Ironis, di tengah perlunya konsolidasi tim, kekusutan awal yang mengguncang kesatuan tim justru mencuat akibat "bola liar" yang ditembak oleh sang kapten sendiri. Belum lagi team building ditumbuhkan, muncul ucapan Gus Dur (11 November 1999) yang mensinyalir adanya tiga menteri yang terlibat KKN. Sebuah media mengutip ucapan Gus Dur: "Sekarang saya sudah punya daftar tiga menteri yang harus dicopot. Tinggal menunggu pembuktian di pengadilan." Seperti biasa, tak satu nama pun disebut secara jelas. Bahkan, kali ini, inisialnya pun tidak.
Kontan saja, kabinet yang belum genap seratus hari ini pun terguncang. Bola liar itu seperti melejit ke sana-kemari dan membentur anggota tim seperti Hamzah Haz, Bomer Pasaribu, Jusuf Kalla, dan Yusril Ihza Mahendra. Belakangan, setelah gelagapan, Yusril dan Hamzah Haz mendapat sedikit bantuan sang kapten dengan klarifikasi singkat bahwa mereka tidak termasuk tiga menteri yang diduga terlibat KKN. Sementara kasus ini belum jelas akhirnya, Hamzah Haz pun harus keluar gelanggang dengan kontroversi yang tidak kalah peliknya. Keputusan pemberhentian Hamzah Haz sebagai Menko Kesra dan Taskin, yang konon tanpa dikonfirmasi itu, sekali lagi menjadi bola liar hasil tendangan sang kapten sendiri yang membingungkan anggota tim. Akankah sang kapten melakukan tendangan tak terarah berikutnya—ketiga, keempat, kelima, dan seterusnya?
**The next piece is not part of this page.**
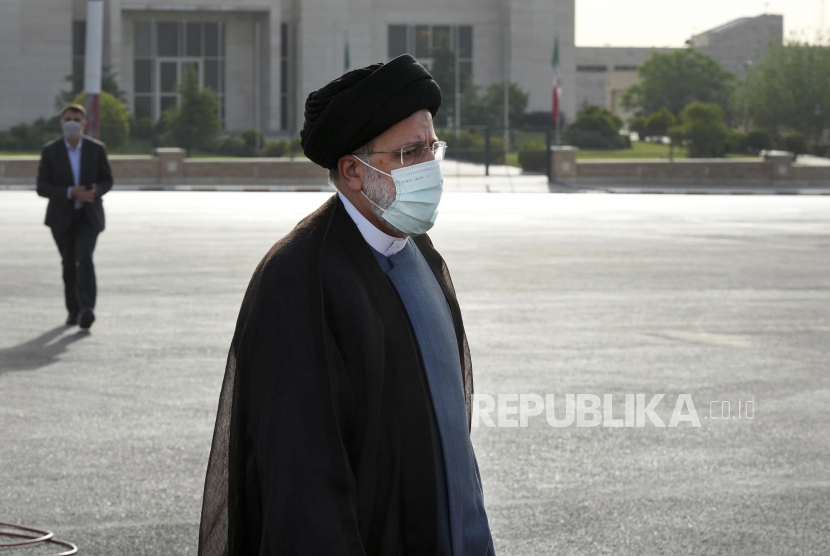 Presiden Iran Ebrahim Raisi meninggalkan bandara Mehrabad Teheran untuk perjalanan ke Oman, Senin, 23 Mei 2022. Korps Pengawal Revolusi Islam (IRGC) Iran mengklaim bahwa Israel berencana untuk membunuh Presiden Iran Ibrahim Raisi, dan pejabat senior lainnya.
Sambil menunggu apa yang akan terjadi, terdengar kabar bahwa beberapa menteri masih bergulat ke sana-kemari mencari meja dan kantor tetap. Hingga kini masih belum jelas di mana kantor sesungguhnya Ryaas Rasyid, Menteri Negara Otonomi Daerah, atau Sarwono Kusumaatmadja, Menteri Eksplorasi Laut, atau Anak Agung Gede Agung, Menteri Negara Masalah Kemasyarakatan.
Sementara itu, di luar sana, rakyat tersaruk-saruk, sempoyongan, berjuang terpincang-pincang untuk bertahan hidup dari terpaan krisis yang tak habis-habis. Seratus juta rakyat kini telah jatuh melarat dan berdiri di ambang kriminalitas. Pertikaian kelompok di setiap gugusan kepulauan utama Indonesia telah membuat penduduk semakin menderita. Di layar kaca, setiap hari kita menyaksikan berderet manusia yang, bila tak selesai dibunuhi, diusiri dari kampung halamannya sendiri.
Tatkala jutaan rakyat miskin telah lama letih berdiri, akankah ada bola liar melejit lagi ke sana-kemari?